Can I set up 2 fog servers to image a pool of hosts at the same time from the same build request
llightfoot last edited by llightfoot
My organization has come to really depend on FOG. They wanted me to build a hot standby server incase the primary one goes bad because we are running on physical hosts, and sometimes we can be imaging 100’s of laptops within a week it could be super critical to deadlines if this box went down.
Since we spent the money on new hardware to mirror the existing physical FOG server, I was curious if there was a way to utilize both at the same time. Is anyone else doing something similiar. How would I config FOG to do this?
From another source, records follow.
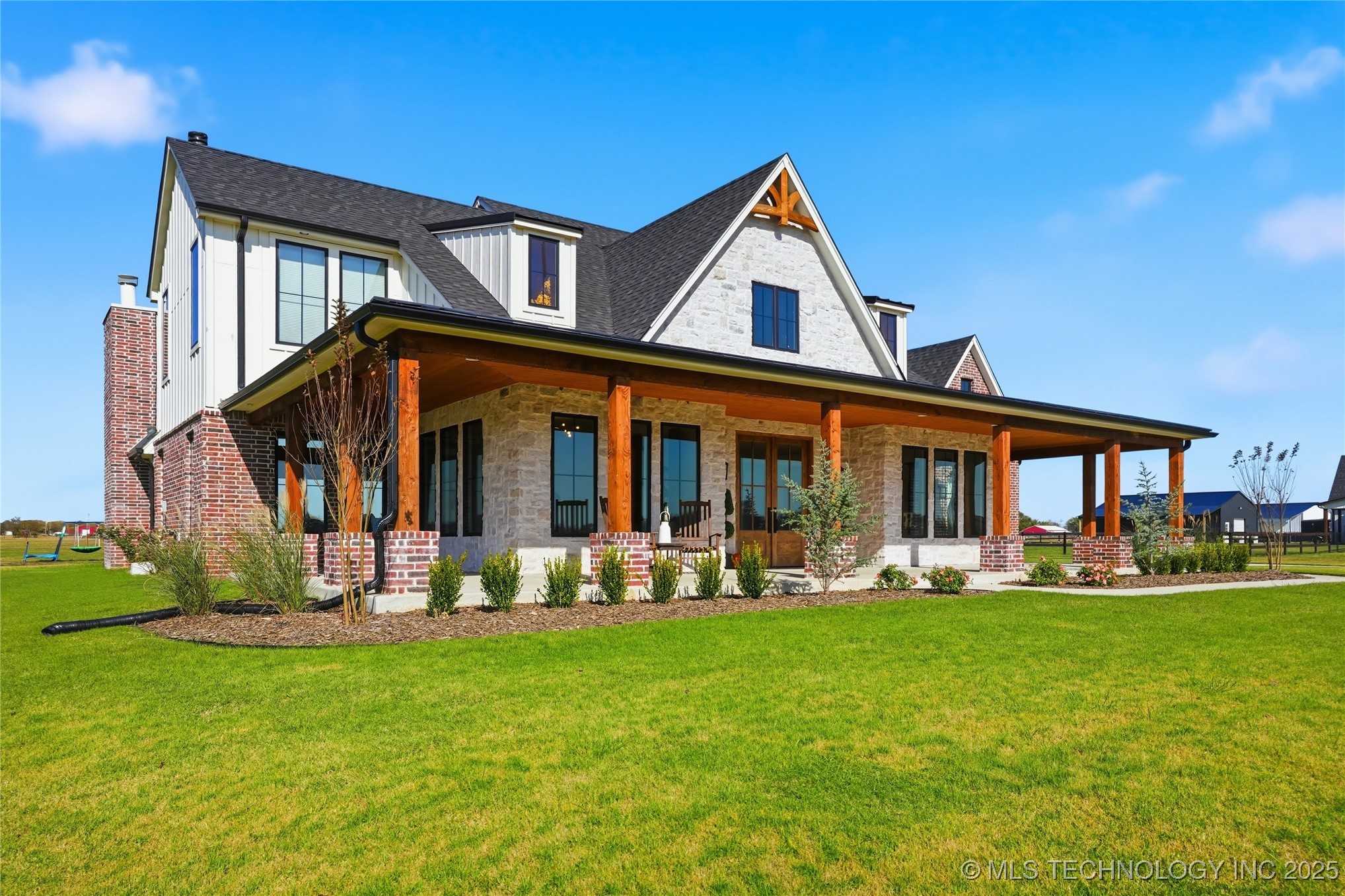 5393 W 184th Street S Property Photo 5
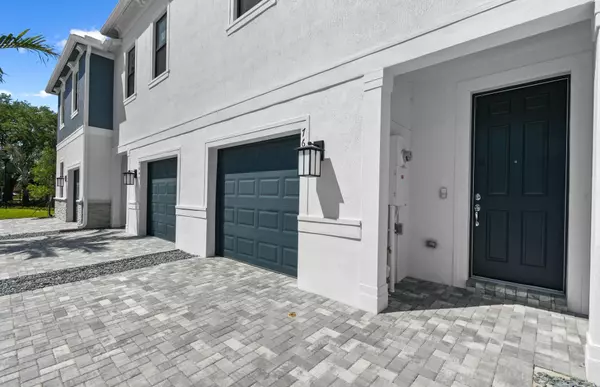 Stuart, FL 34997,7646 SW Lucy LN 52-10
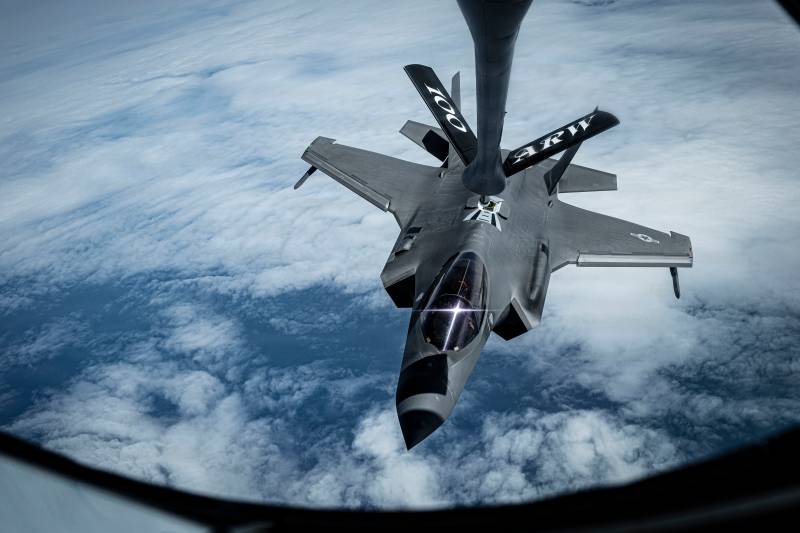 Un avión de combate F-35A Lightning II de la Fuerza Aérea, adscrito al 48.º Ala de Caza, se prepara para recibir combustible de un avión KC-135 Stratotanker, adscrito al 100.º Ala de Reabastecimiento Aéreo, durante el ejercicio «Combat Archer U.K. 26» sobre el Mar del Norte, el 20 de julio de 2026. Gracias a un reabastecimiento rápido y confiable, los aviones cisterna del 100.º Ala de Reabastecimiento Aéreo prolongan las salidas y sostienen las operaciones de combate, lo que permite a los cazas concentrarse en el empleo de las armas y resalta la movilidad aérea como un factor clave para la preparación operativa. Crédito: Soldado de primera clase Cody Mott, Fuerza Aérea de EE. UU. ©USAF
Right now FOG is not the dhcp server, but our dhcp server is sending the laptops a dhcp request which tells all the new laptops where the fog server is to get PXE booted. knowing what my environment looks like how should i build this second server to maximize the functionality of having 2 beefy fog servers. I’d hate to leave it as a hot standby.
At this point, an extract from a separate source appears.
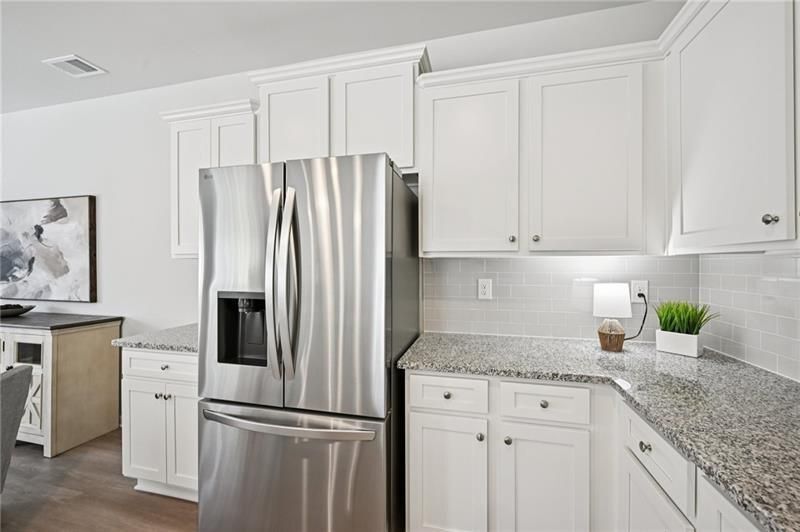 Building Photo - 405 Lanier Cir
Wayne Workman last edited by Wayne Workman
George’s post is valid. Just wanted to add that regular ole storage nodes within the same storage group will load share. You’d set the max hosts on each storage node to accomplish this.
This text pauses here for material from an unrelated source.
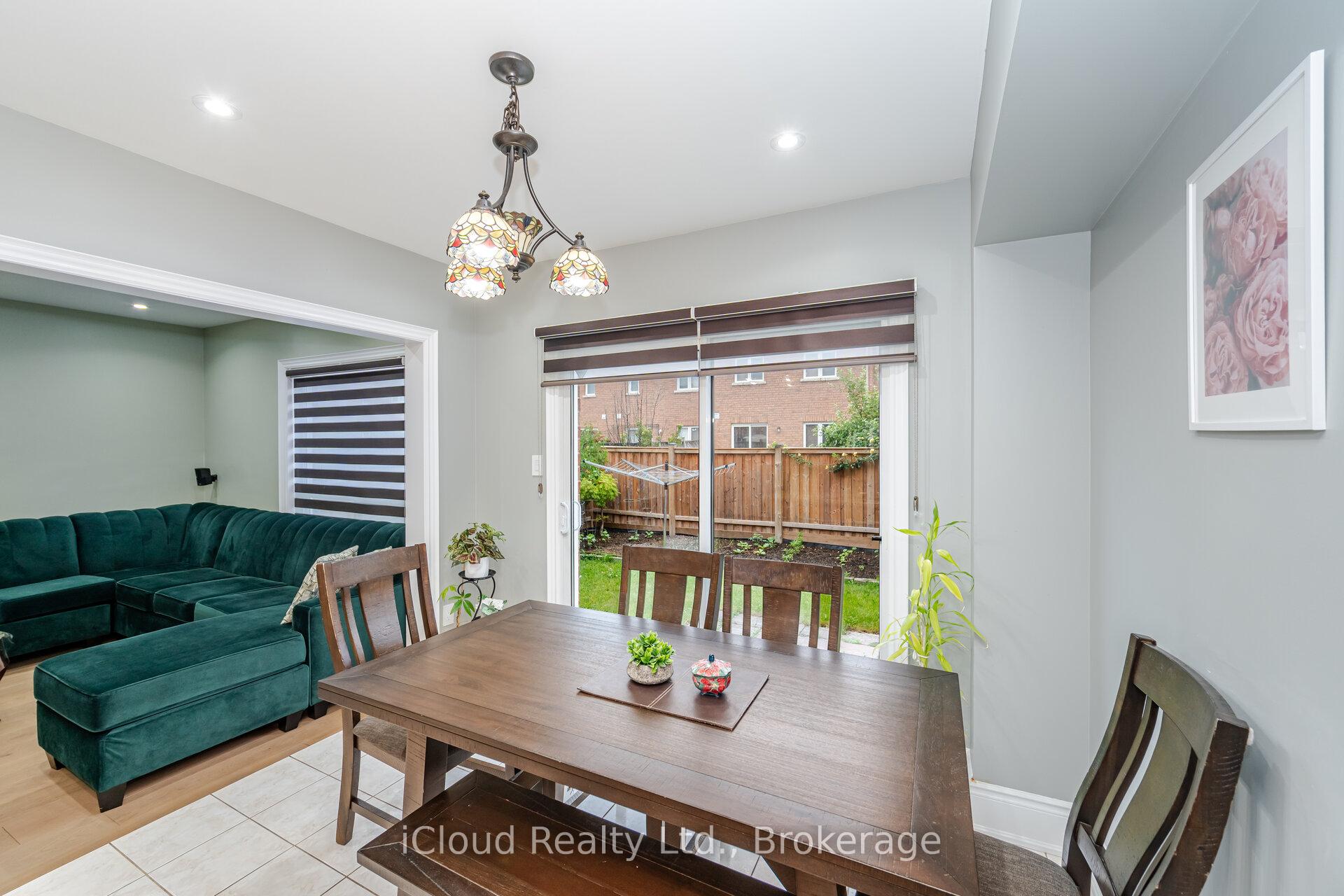 Photo 5 of 26 Culture Crescent, Brampton, Fletcher's Creek Village — HOMEH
george1421 Moderator last edited by
@llightfoot You could spin up a new (clone) of the production FOG server. Make it a full FOG server. This “backup” FOG server will be added as a storage node to your primary FOG server’s as the master node.
The main technical differences between a storage node and a full FOG server is that the full FOG server has the FOG database on it, where a storage node does not.
When you manually add this second full FOG server as a storage node on your master node, the master node will sync all of the raw data files from the current production FOG server to your faux storage node. This will keep the image files you create on the main fog server in sync on the backup FOG server. The only gotcha in this configuration is that you need a way to copy the FOG database from the production server to the backup FOG server. You can do this with a little scripting to use the mysqldump command to export the data from the master node and then rsync or scp to copy it over to the backup storage node.
As a side note, unless you have a lot of computers with the FOG client installed banging on the FOG server, you don’t need a fog server with a lot of horsepower. I can run FOG on a Raspberry Pi. With that said, all you really need for a fog server is a computer with a fast network and fast disk. Now imaging 100s of computers in a week you must be doing something extraordinary with your fog setup. Bravo for that!